### WORK ORDER:
What is needed is an exact copy of every entry below, with the pictures left out.

[[ EXTRACTED ENTRIES open ]]

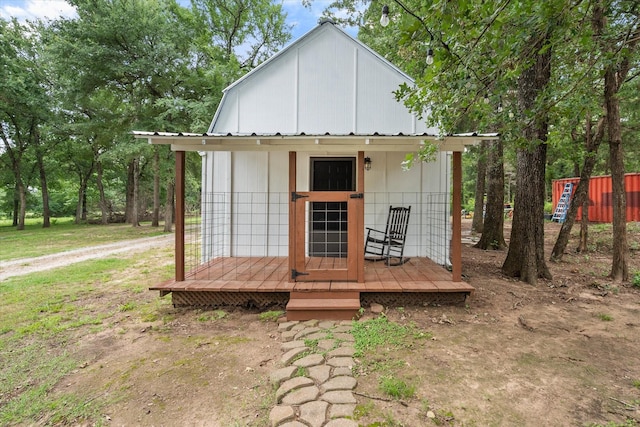 3121 SE County Road 2135, Corsicana, TX 75109 - view of outdoor structure
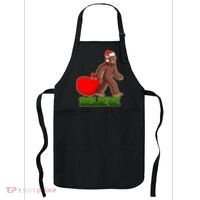 Believe In Santa Bigfoot Apron thumb 0
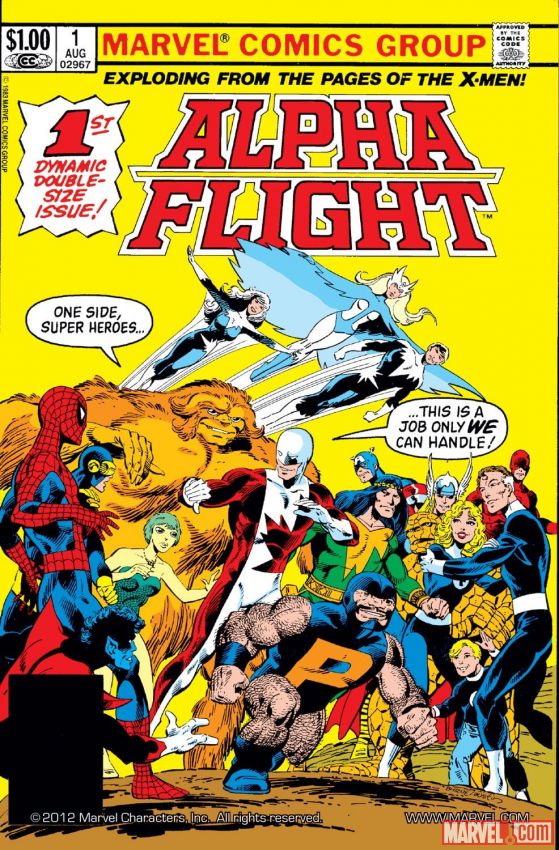 Alpha Flight (1983 – 1994)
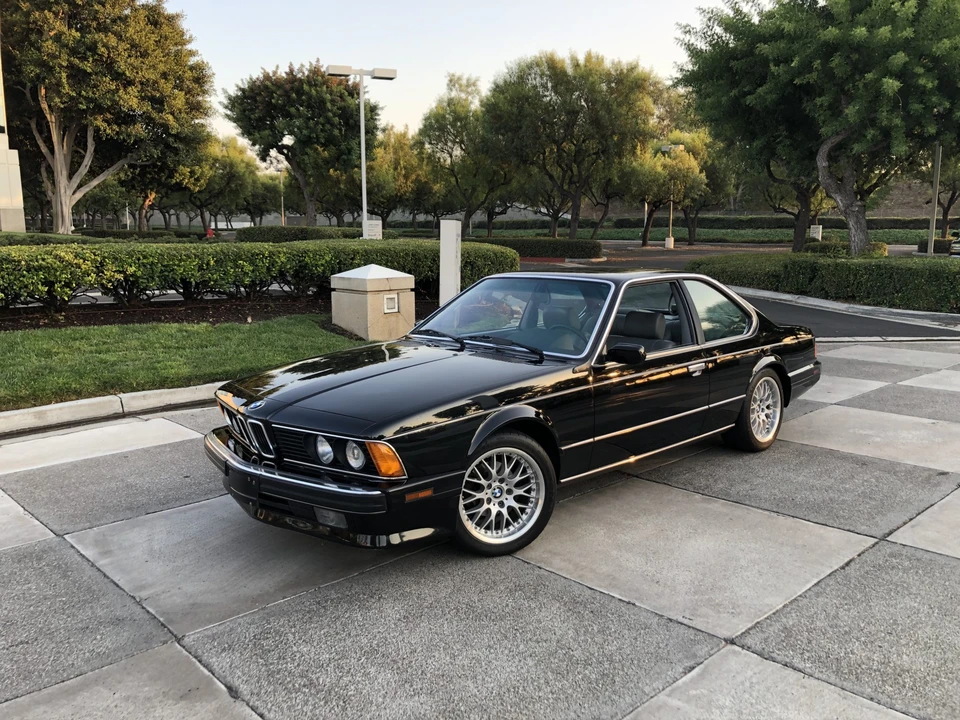 1989 BMW E24 6 Series - Image 12 of 31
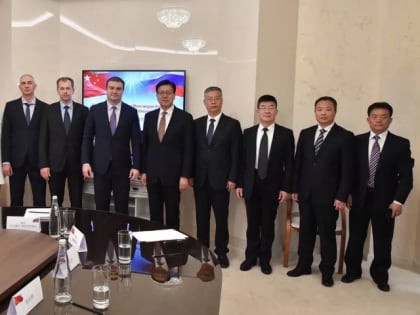 Виталий Хоценко заявил о совместных проектах Омской области с Китаем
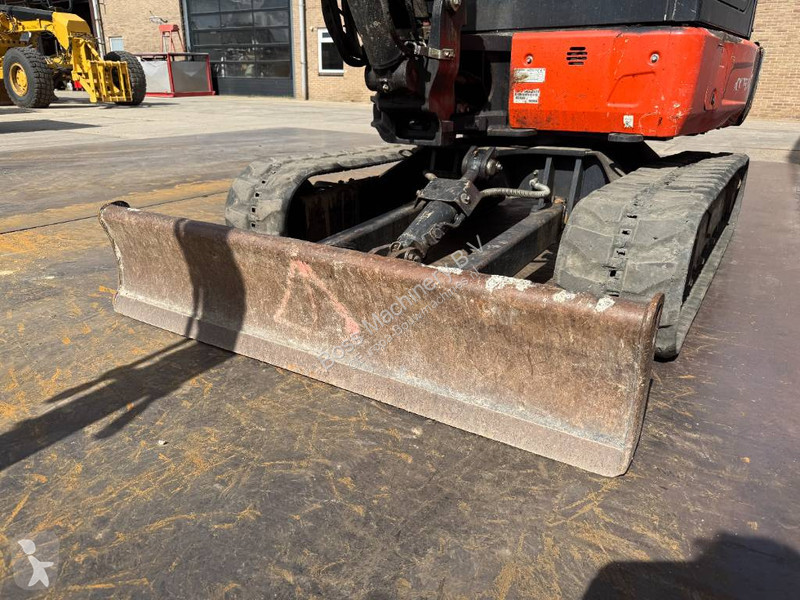 Skovl Kubota 4 - Hammer Lines / Quick Coupler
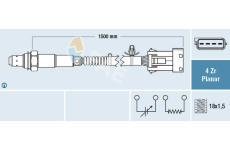 Lambda sonda FAE 77634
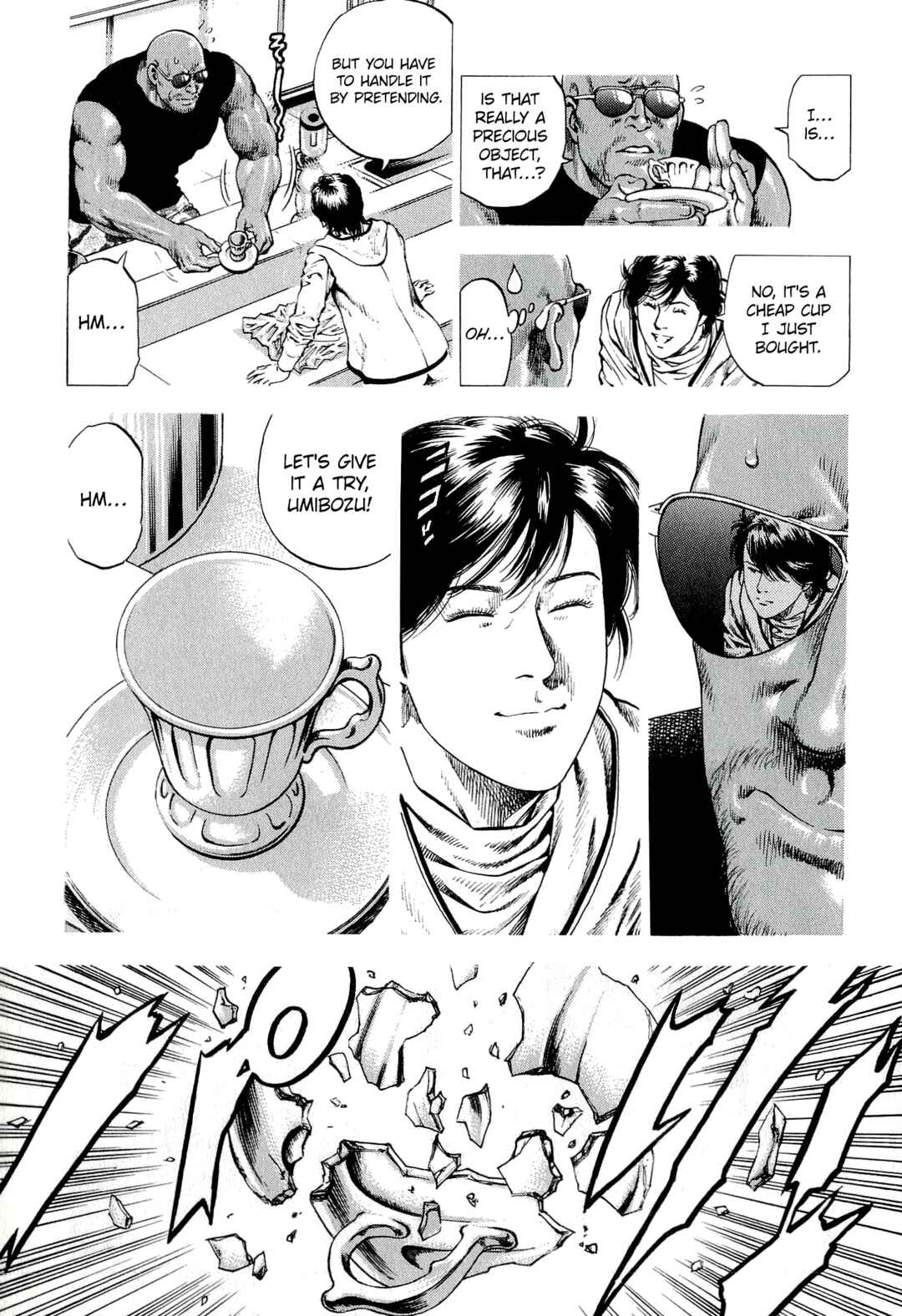 Angel Heart - 2nd Season Chapter 10 - Page 19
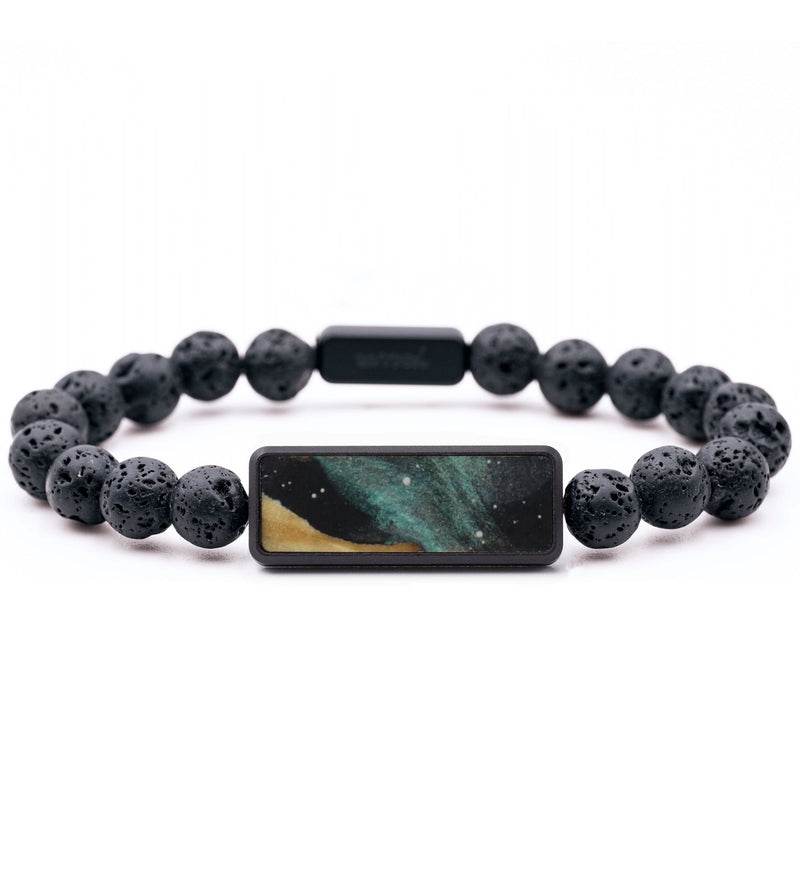 Lava Bead ResinArt Bracelet - Luka (Cosmos, 808167)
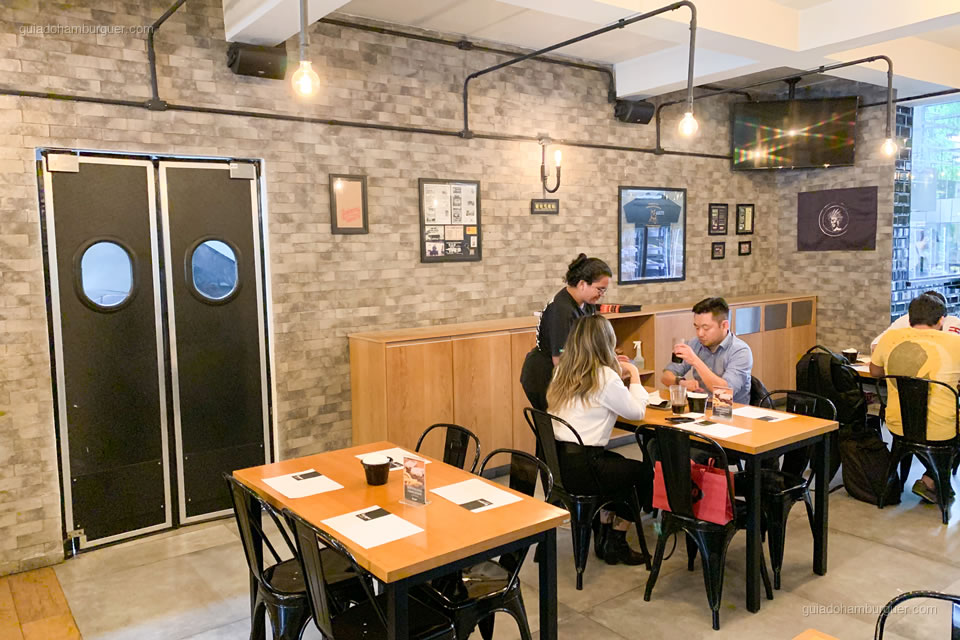 Café - Burger Shop - Vila Olímpia - São Paulo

[[ EXTRACTED ENTRIES closed ]]

### YOUR RESPONSE:
 3121 SE County Road 2135, Corsicana, TX 75109 - view of outdoor structure
 Believe In Santa Bigfoot Apron thumb 0
 Alpha Flight (1983 – 1994)
 1989 BMW E24 6 Series - Image 12 of 31
 Виталий Хоценко заявил о совместных проектах Омской области с Китаем
 Skovl Kubota 4 - Hammer Lines / Quick Coupler
 Lambda sonda FAE 77634
 Angel Heart - 2nd Season Chapter 10 - Page 19
 Lava Bead ResinArt Bracelet - Luka (Cosmos, 808167)
 Café - Burger Shop - Vila Olímpia - São Paulo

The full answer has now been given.